» TASK
Set down the full listing exactly as given. Any pictures are to be left out.
────────
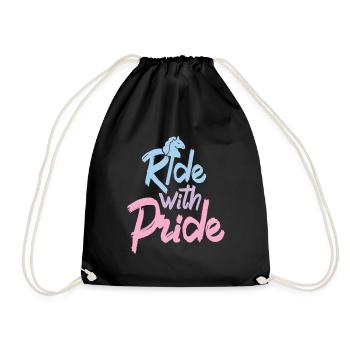 Ride with Pride - Hobby Horse Steckenpferd - Drawstring Bag - black - Front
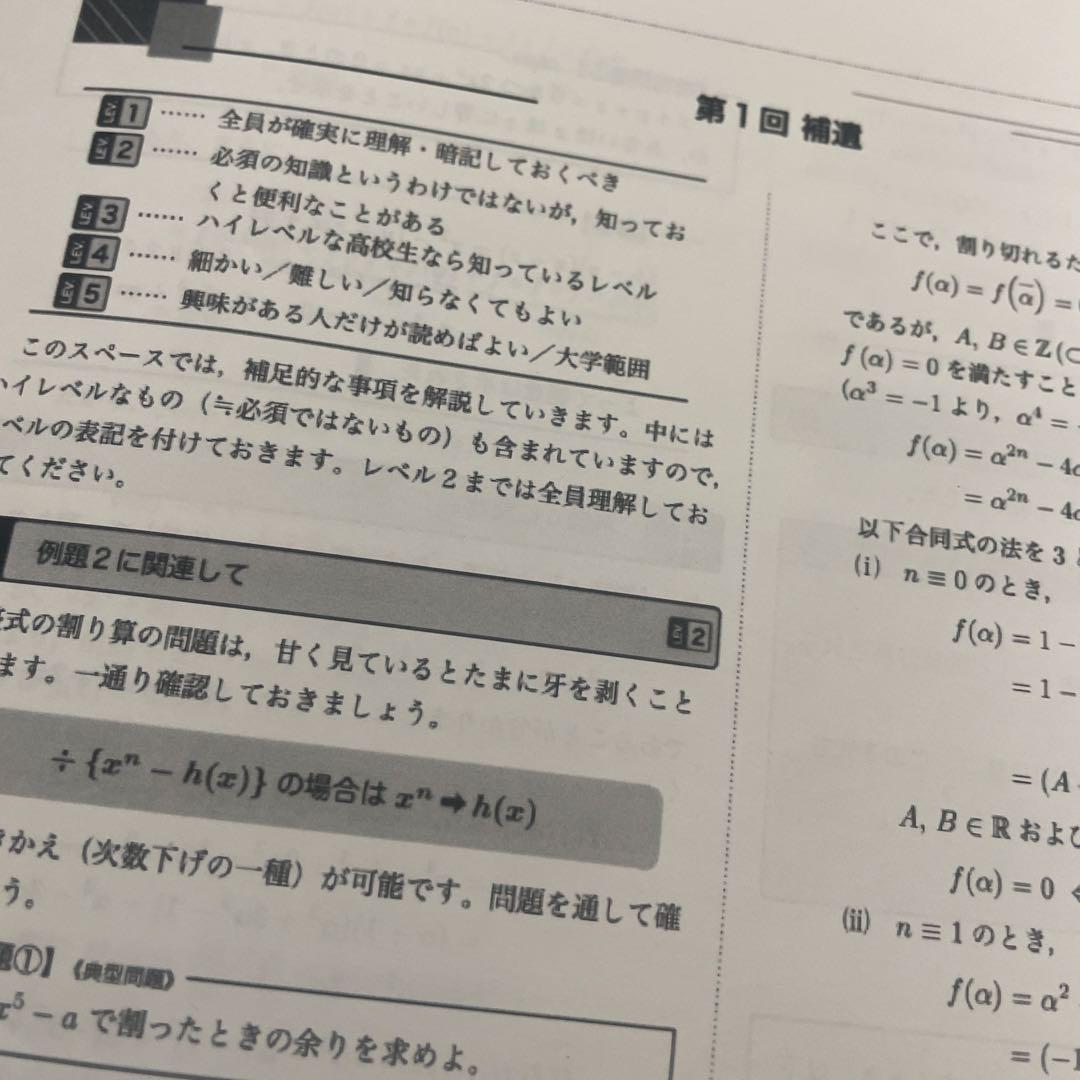 鉄緑会 数学実戦講座Ⅰ/Ⅱ 授業冊子 例題解答
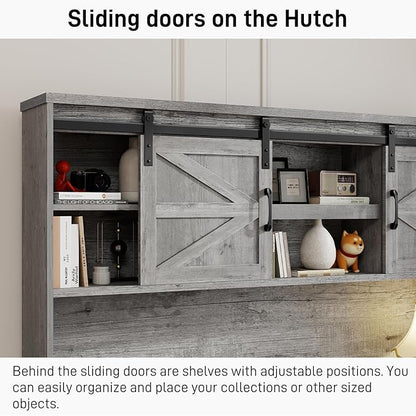 Farmhouse 67''H Executive Desk with Hutch & 5 Drawers, Rustic Office Desks Computer Desks with Charging Station, File Drawers and Storage Cabinets, Wood Workspace for Home Office & Study.（Grey）.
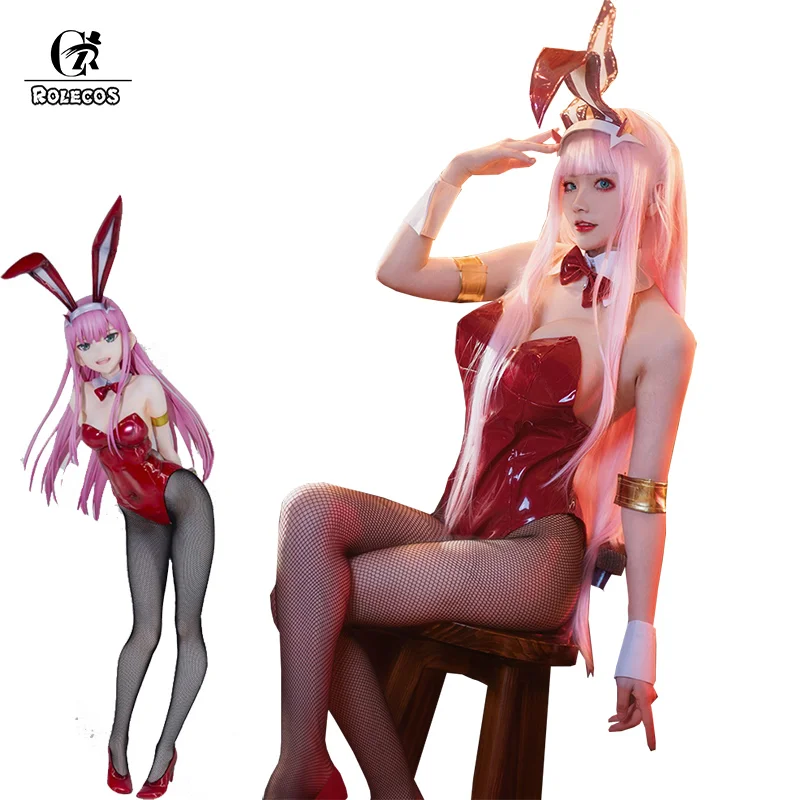 ROLECOS Anime LIEBLING in die FRANXX Cosplay Kostüm Null Zwei Bunny Girl Cosplay Kostüm 02 Sexy Frauen Overall Rot Leder anzug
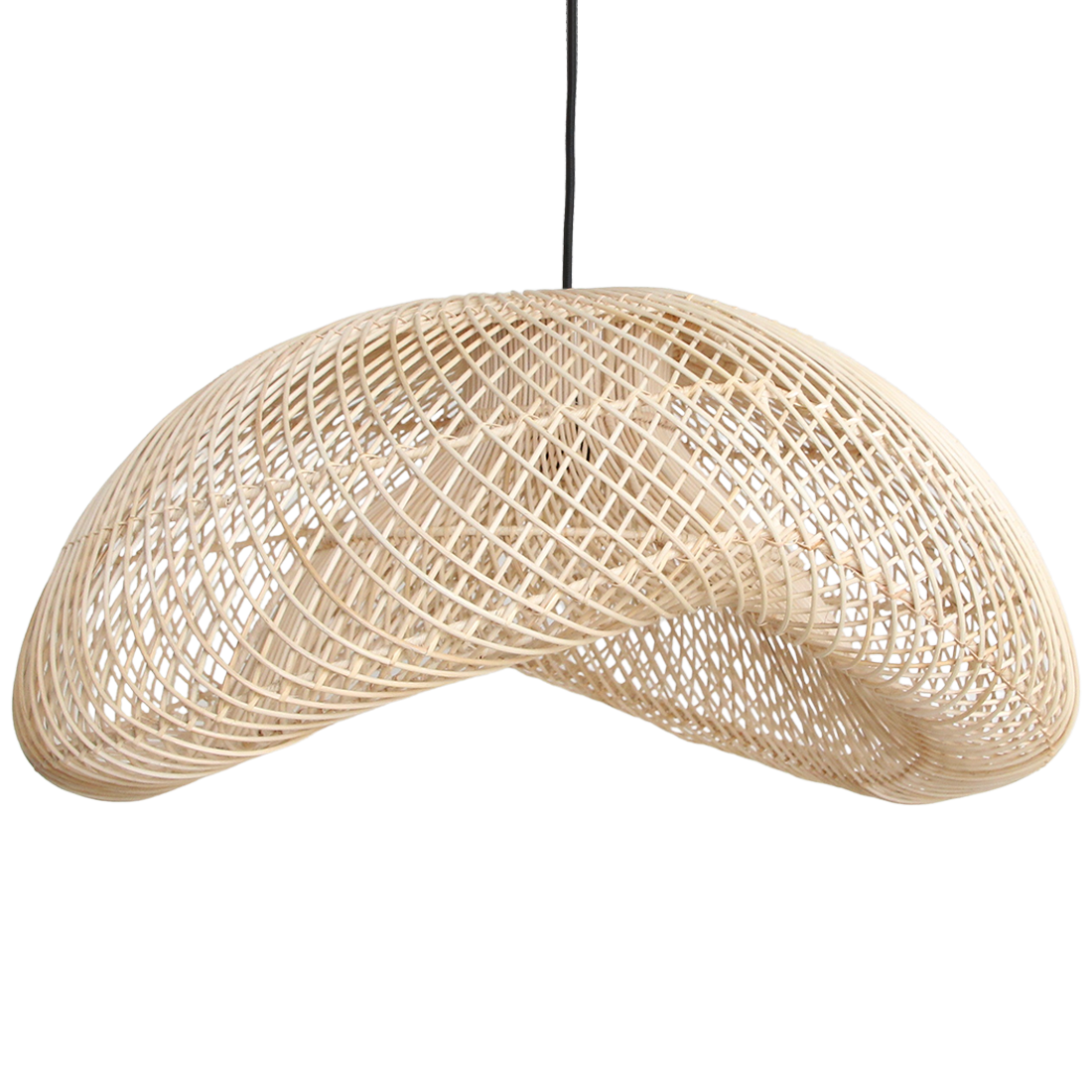 Lámpara colgante de ratán orgánica Maze XL - Ø 75x31 cm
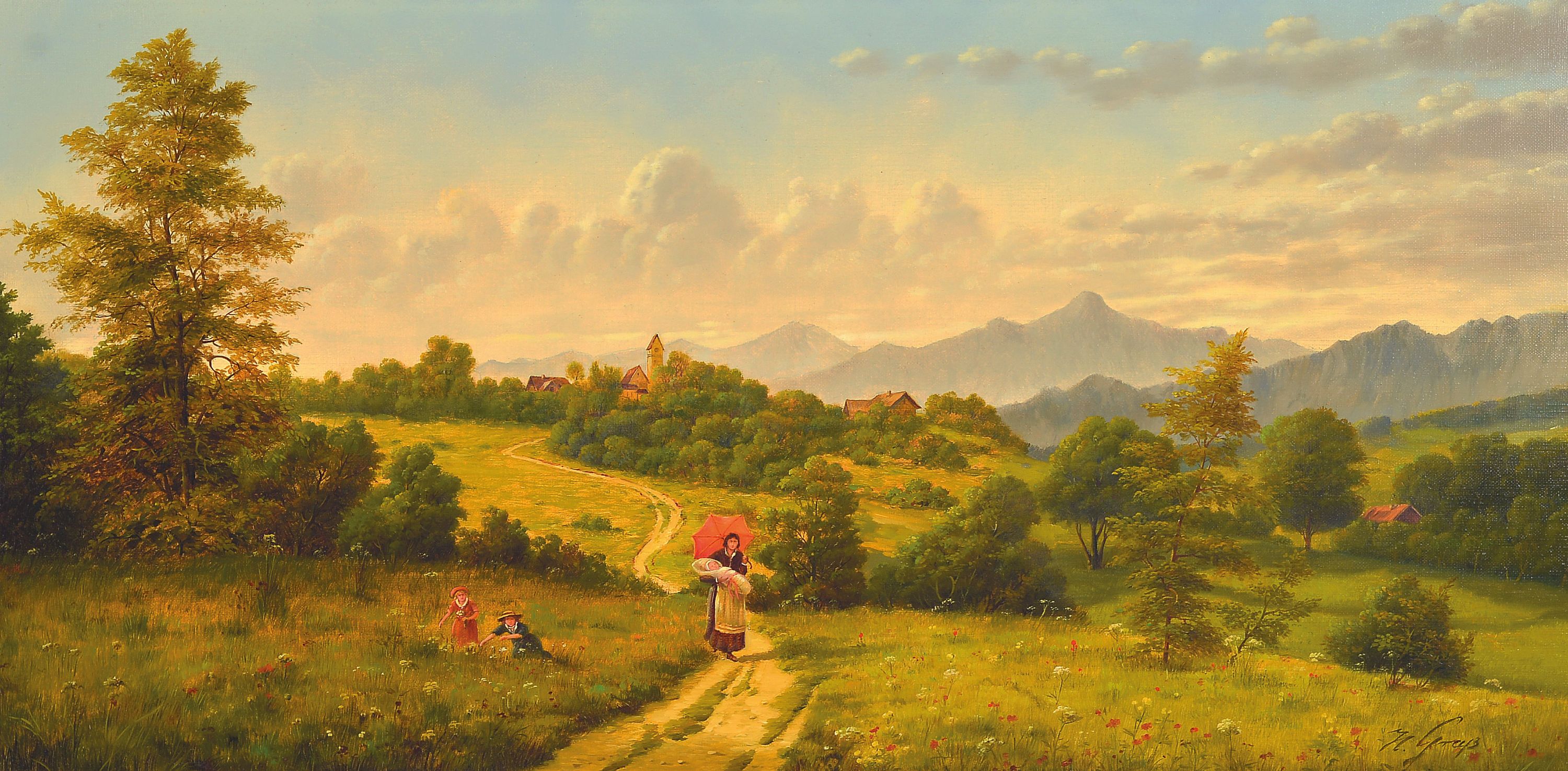 Image 27059819 - Herbert Grass, 1886 - 1978, , Sommerlandschaft mit Mutter und Kindern Voralpenlandschaft, ...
────────
» RESPONSE TO THIS EXERCISE
 Ride with Pride - Hobby Horse Steckenpferd - Drawstring Bag - black - Front
 鉄緑会 数学実戦講座Ⅰ/Ⅱ 授業冊子 例題解答
 Farmhouse 67''H Executive Desk with Hutch & 5 Drawers, Rustic Office Desks Computer Desks with Charging Station, File Drawers and Storage Cabinets, Wood Workspace for Home Office & Study.（Grey）.
 ROLECOS Anime LIEBLING in die FRANXX Cosplay Kostüm Null Zwei Bunny Girl Cosplay Kostüm 02 Sexy Frauen Overall Rot Leder anzug
 Lámpara colgante de ratán orgánica Maze XL - Ø 75x31 cm
 Image 27059819 - Herbert Grass, 1886 - 1978, , Sommerlandschaft mit Mutter und Kindern Voralpenlandschaft, ...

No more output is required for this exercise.